Bayesian A/B Testing — v2.0 (Sequential Decision Engine)

A Bayesian A/B testing system that treats experimentation as a sequential decision-making problem, rather than a one-time statistical inference task.

v1.0 Baseline

v1.0 implemented a Bayesian A/B testing baseline using a Beta–Binomial model. It focused on posterior inference for conversion rates and provided quantities such as the probability that variant B outperforms A, expected lift, and credible intervals.

This established a solid inferential foundation, but it remained a static analysis: it did not address how experiments should be evaluated sequentially or when a decision should be made in practice.

The Problem

Most A/B testing implementations focus on static inference: they estimate conversion rates after collecting a fixed amount of data.
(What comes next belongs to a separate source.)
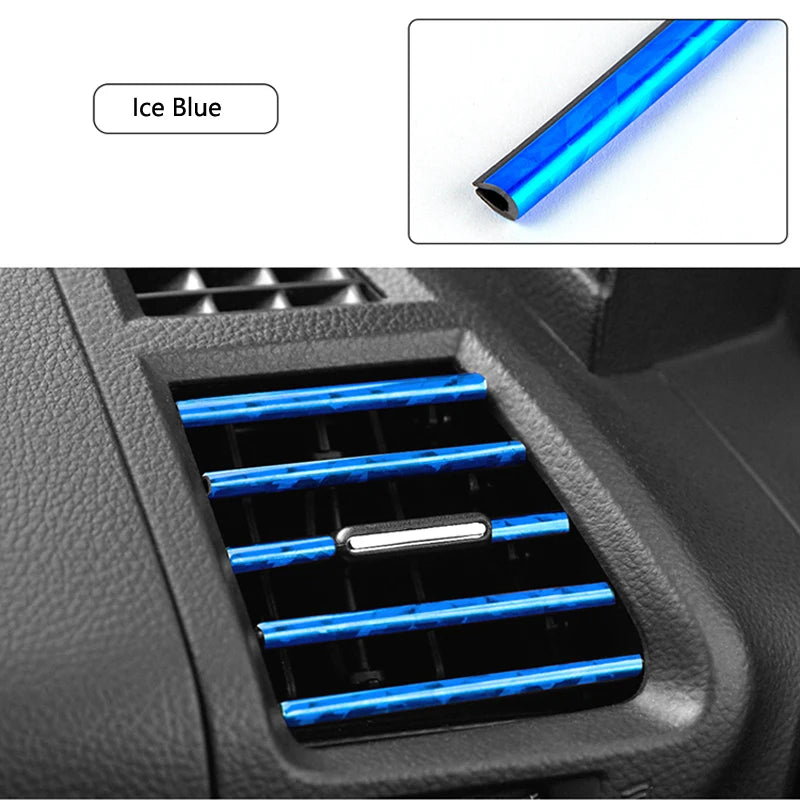 10 PCS Car Air Conditioner Outlet Decorative Soft Strip Accessories Auto Interior Grille Decorative Strip Universal U-shaped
This approach has two major issues in practice:

Experiments often run longer than necessary, wasting traffic and time.
Statistical significance does not guarantee practical or business relevance.

v1.0 of this project addressed Bayesian inference, but it did not answer the key operational question:

“When should we stop the experiment, and what should we do next?”

What Changed in v2.0

v2.0 upgrades the system from a static Bayesian analysis to a sequential decision engine.

Key changes:

The experiment is evaluated day by day, not only at a fixed horizon.
Decisions are made explicitly using Bayesian decision principles.
The system can stop early when further data collection is no longer useful.

Instead of reporting only probabilities or intervals, v2.0 outputs one of three actions:

SHIP_B — roll out the treatment
STOP — stop the experiment and keep the control
CONTINUE — collect more data

Decision Semantics

Variant A (control) is assumed to be the default.
The system only ships B if evidence is strong and risk is acceptable.
Otherwise, the experiment is stopped and A is kept by default.

This reflects common industry experimentation practice.

How v2.0 Makes Decisions

The decision engine combines three ideas:

1. Bayesian Updating

Conversion rates are modeled using a Beta–Binomial model, allowing exact and fast posterior updates as new data arrives.

2. Practical Significance (ROPE)

Small effects may be statistically real but operationally irrelevant. A Region of Practical Equivalence (ROPE) is used to distinguish meaningful improvements from noise.

3. Risk Awareness (Expected Loss)

Before shipping a variant, the system estimates the expected loss if the decision were wrong. This prevents premature rollouts when uncertainty is still costly.

A decision is made only when confidence is high and downside risk is acceptable.

Demo

The notebook v2.0_demo.ipynb demonstrates the system in action.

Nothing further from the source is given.